Figure 7. VSL Formed Out of Two 10 Gigabit Ethernet Uplink Ports
This deployment scenario is the minimum recommended configuration and allows for a redundant VSL interface
connection without requiring additional hardware modules. However, if a VSL module fails (in this case, the VSL
module is also the supervisor engine), the VSL as well as the chassis associated with the failed supervisor engine will
stop operating. Note that this scenario does not allow for future scaling of VSL bandwidth because no extra VSL -
capable 10 Gigabit Ethernet interfaces are available. See the Failure Scenarios section of this document for a
description of the outage associated with a single chassis failure.
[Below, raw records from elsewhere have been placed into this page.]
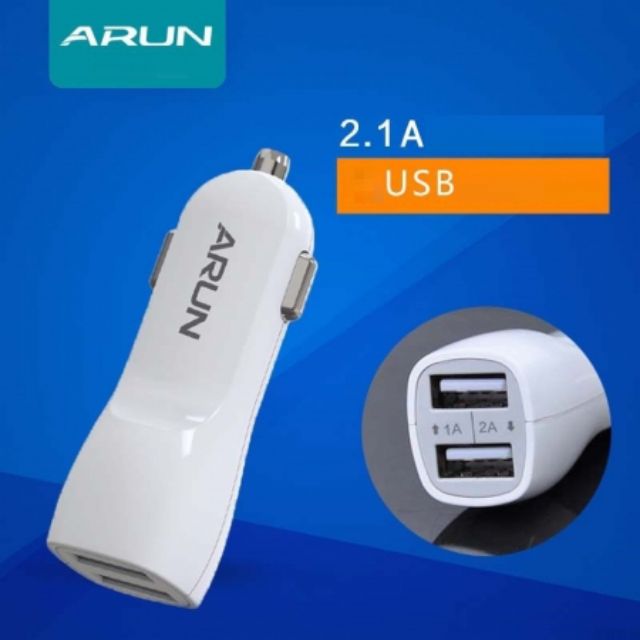 Sạc xe hơi cao cấp arun C201 2USB - chính hãng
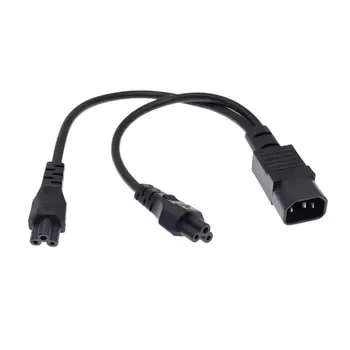 Power Y Type Дърва Adapter Cable Single IEC 320 C14 Male to Dual C5 Female кратко кабел за дисплея на Хост компютъра 0.32 м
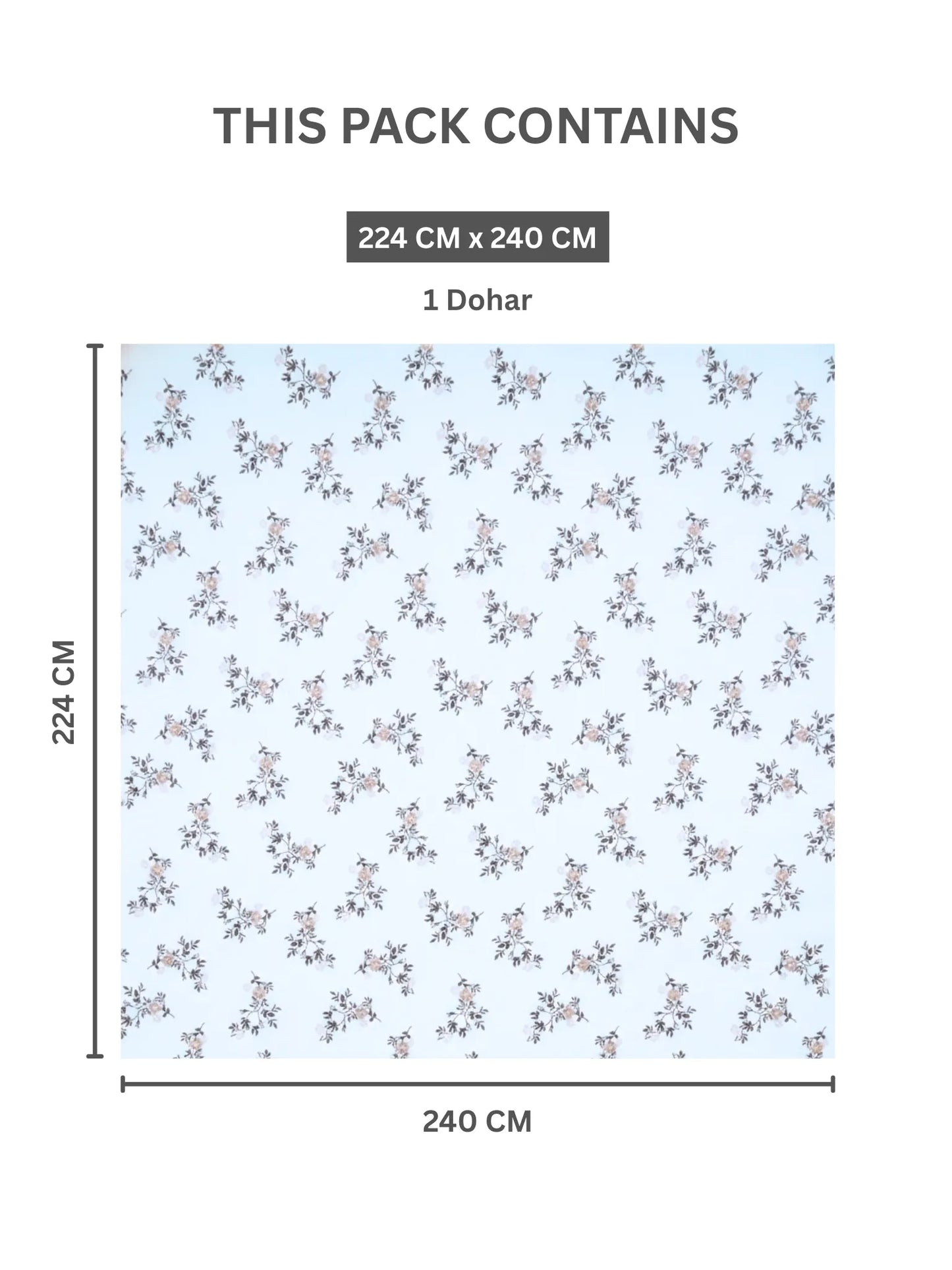 AtoZ Home Decor Royal Stripe Floral Reversible Cotton Double Dohar (224 x 240 cm)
Two-Port VSL Using Quad-Sup Uplink Forwarding
This deployment scenario is supported beginning in the 12.2(33)SXI4 software release using the Quad-Sup Uplink
Forwarding capability. (See Figure 8.)
Figure 8.
In this configuration the In-chassis Standby supervisors are fully operational and can used to form the VSL or as
uplinks to other devices. Also the In-chassis Standby is capable of assuming the In-chassis Active role in the event
the In-chassis Active should fail. Therefore it is important that VSL is built using interfaces from more than a single
Supervisor engine. In this case the VSL is built using the ten gigabit interfaces from both supervisor engines. More
details on the Quad-Sup Uplink Forwarding feature are provided in the High Availability section of this paper.
Two-Port VSL Using Line Cards Only
Figure 9 shows the two members of the Cisco Virtual Switching System connected through a 2-port VSL bundle, but
takes full advantage of line cards instead of the supervisor-engine uplinks.